What you are asked to do>
Please return only the lines from the one holding "Krab外币市集Vol.27 英国维多利亚1898年1先令" through the one holding "Salima Convertible Wrap Dress/Skirt", exactly as they appear in the records below, both ends included.

----

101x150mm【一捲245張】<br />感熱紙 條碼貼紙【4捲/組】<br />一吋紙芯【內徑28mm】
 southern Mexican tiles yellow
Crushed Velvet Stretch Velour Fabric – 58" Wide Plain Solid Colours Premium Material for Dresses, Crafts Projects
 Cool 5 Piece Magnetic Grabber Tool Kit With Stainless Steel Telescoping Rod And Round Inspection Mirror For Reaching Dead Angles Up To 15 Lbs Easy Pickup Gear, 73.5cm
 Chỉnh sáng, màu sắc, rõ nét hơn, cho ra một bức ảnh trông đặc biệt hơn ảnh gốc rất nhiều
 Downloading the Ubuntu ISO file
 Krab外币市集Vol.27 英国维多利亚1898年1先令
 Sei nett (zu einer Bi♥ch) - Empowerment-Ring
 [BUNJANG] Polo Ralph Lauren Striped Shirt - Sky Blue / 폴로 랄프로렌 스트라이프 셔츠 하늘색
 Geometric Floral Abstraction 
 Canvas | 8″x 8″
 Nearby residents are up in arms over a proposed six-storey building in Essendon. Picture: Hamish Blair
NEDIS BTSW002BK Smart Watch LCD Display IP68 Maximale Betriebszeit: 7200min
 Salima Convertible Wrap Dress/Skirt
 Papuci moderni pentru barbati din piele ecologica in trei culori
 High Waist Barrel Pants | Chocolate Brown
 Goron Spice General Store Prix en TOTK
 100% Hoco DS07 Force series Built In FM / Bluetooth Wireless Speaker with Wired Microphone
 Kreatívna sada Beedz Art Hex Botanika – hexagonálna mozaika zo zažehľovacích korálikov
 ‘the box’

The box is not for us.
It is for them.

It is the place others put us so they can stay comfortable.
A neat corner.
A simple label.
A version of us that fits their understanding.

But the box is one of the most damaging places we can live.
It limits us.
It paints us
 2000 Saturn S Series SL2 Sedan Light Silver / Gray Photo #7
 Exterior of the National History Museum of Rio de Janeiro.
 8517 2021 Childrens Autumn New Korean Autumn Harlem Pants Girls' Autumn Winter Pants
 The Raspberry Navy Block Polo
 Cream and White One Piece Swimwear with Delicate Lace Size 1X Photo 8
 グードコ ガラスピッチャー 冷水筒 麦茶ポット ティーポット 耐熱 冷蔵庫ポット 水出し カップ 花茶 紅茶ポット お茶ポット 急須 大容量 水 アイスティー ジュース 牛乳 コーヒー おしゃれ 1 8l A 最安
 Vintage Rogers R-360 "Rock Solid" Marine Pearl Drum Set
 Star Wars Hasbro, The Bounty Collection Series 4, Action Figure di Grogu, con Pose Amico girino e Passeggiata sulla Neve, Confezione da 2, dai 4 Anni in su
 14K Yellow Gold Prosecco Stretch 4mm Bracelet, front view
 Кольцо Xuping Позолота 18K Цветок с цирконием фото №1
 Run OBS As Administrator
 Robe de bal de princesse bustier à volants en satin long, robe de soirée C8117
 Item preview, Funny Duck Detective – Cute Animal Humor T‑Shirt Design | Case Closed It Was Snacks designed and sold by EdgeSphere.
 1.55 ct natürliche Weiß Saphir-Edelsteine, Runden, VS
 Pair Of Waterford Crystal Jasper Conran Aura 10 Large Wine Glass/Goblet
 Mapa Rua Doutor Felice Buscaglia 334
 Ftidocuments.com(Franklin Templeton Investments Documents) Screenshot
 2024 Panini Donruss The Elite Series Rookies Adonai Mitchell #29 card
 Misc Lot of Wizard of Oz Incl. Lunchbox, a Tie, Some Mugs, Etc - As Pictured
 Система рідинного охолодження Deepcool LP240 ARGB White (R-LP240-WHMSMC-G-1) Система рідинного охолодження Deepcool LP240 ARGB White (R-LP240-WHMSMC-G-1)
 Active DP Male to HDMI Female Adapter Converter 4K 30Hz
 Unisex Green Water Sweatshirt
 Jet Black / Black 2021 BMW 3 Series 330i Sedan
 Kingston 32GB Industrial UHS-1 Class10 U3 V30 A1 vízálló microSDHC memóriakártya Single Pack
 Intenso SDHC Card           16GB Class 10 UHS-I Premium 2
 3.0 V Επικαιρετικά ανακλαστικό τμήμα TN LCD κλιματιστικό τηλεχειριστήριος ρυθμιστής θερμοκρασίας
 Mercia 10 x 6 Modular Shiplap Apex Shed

----

Answer box>
 Krab外币市集Vol.27 英国维多利亚1898年1先令
 Sei nett (zu einer Bi♥ch) - Empowerment-Ring
 [BUNJANG] Polo Ralph Lauren Striped Shirt - Sky Blue / 폴로 랄프로렌 스트라이프 셔츠 하늘색
 Geometric Floral Abstraction 
 Canvas | 8″x 8″
 Nearby residents are up in arms over a proposed six-storey building in Essendon. Picture: Hamish Blair
NEDIS BTSW002BK Smart Watch LCD Display IP68 Maximale Betriebszeit: 7200min
 Salima Convertible Wrap Dress/Skirt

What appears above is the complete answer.